For about three days after September 11, 2001 the American people became introspective and asked themselves “Why do they hate us so much?” Then President George W. Bush deflected their attention, first by telling them to go shopping, and then by invading Iraq to overthrow a dictator who had our prior support when it served our advantage. The question so briefly reflected upon is actually not that difficult to answer. Consider how we would react if Xi’s China or Putin’s Russia had a military garrison in every Canadian and Mexican province on our borders and in Cuba. Remember 1962? But the fact that we have military bases spread throughout the world is the least of the reasons for why they hate us.

 

Consider Iran where we overthrew a democratically elected government and installed the most hated shah.
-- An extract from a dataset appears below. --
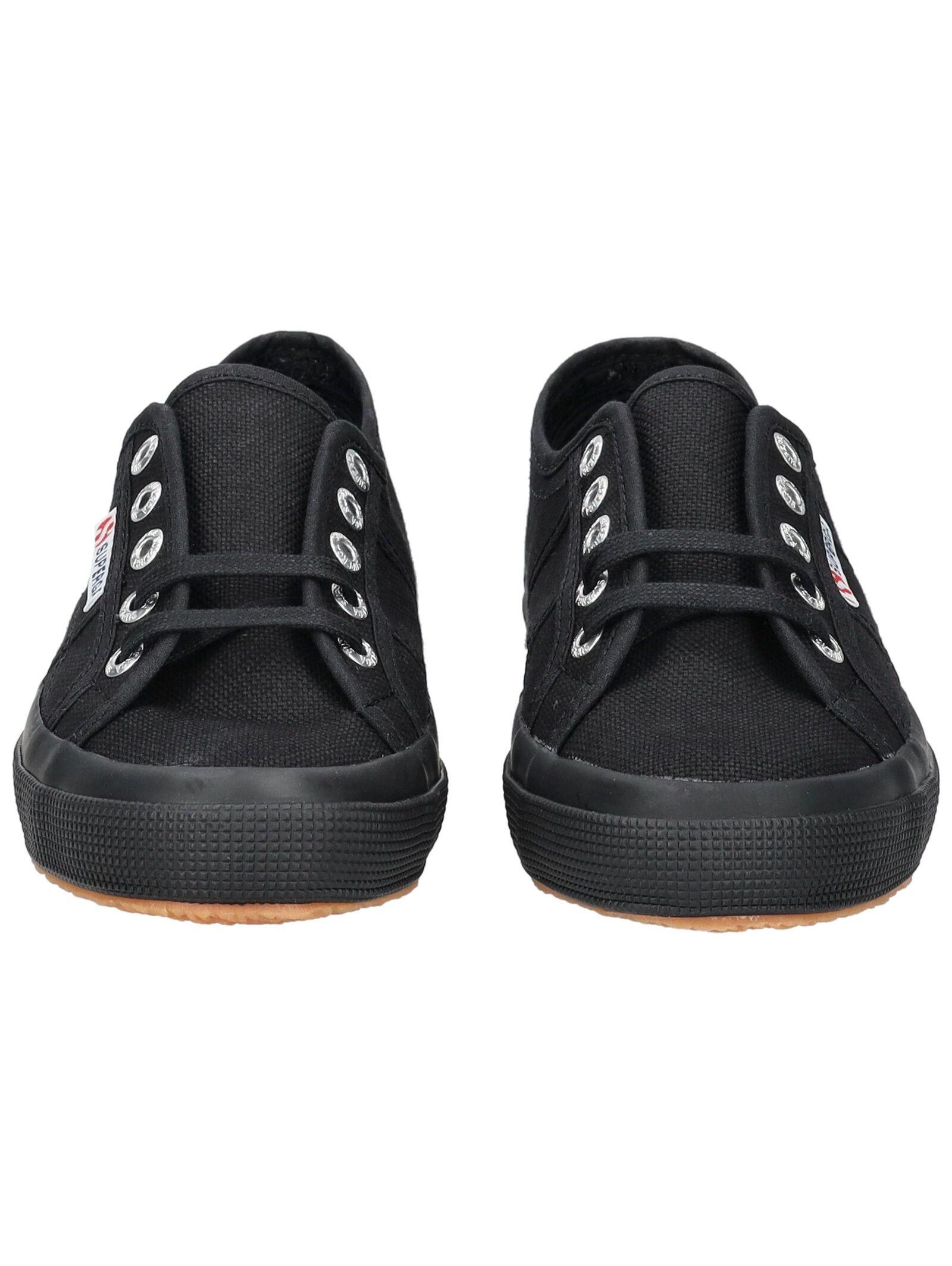 SUPERGA  Sneaker S000010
Is it any wonder that Iranians now chant “Death to America”? Or Chile where we overthrew the democratically elected Allende government and installed the Pinochet dictatorship. The list of similar interventions and regime changes is long. But when you add our rhetoric about democracy and freedom to our actual actions on the ground, such as special rendition, Abu Ghraib, and the prison in Guantanamo which violates our constitutional principles, is it any wonder why they hate us? Rather than propping up a barbaric government in Saudi Arabia to obtain access to their oil, we would have been much better off if we just sent in our military and taken it. At least then we would have been honest about what we were doing.

 

Consider our use of drones piloted from an air base in Nevada to target terrorists in the Middle East but which most of the time wreck havoc upon the civilian population. Collateral damage is not the way to win friends and influence people. Or consider our decades long war on drugs which has done nothing but create violent criminal gangs at home and abroad which make high profits tax free as a result of an artificially created scarcity and our insatiable demand for their products. This is a perfect example of how a mistaken policy creates an ecology of entrenched special interests ranging from various enforcement agencies to the drug cartels that make their living off the policy. Our addiction to permanent war is another obvious example.  

 

Cloaking our military and “intelligence” operations in such euphemisms as the “defense” of democracy and the necessity to spread “democracy” and “freedom” around the world do nothing but alienate hearts and minds. Such blatant hypocrisy generates much understandable hatred. The Second World War was a war of necessity, but unfortunately we won the war and lost the peace. The mobilization for the war effort created the industrial-military complex that Eisenhower warned us about and validated Marx’s assertion that capitalism cannot survive without war. We were dishonest with ourselves and the rest of the world in renaming the war department the defense department.

 

We are witnessing the transformation of political satire into serious policy proposals during the current presidential campaign. This degenerate adolescence not only appeals to a generalized hatred toward those outside our borders, but it also exacerbates the prevalent racial and religious animosity within our country which prove, in the immortal words of Pogo, that “We have met the enemy and he is us”. Until we can honestly address the question “Why do they hate us?” we shall continue to be at perpetual war not only with enemies without, but with ourselves.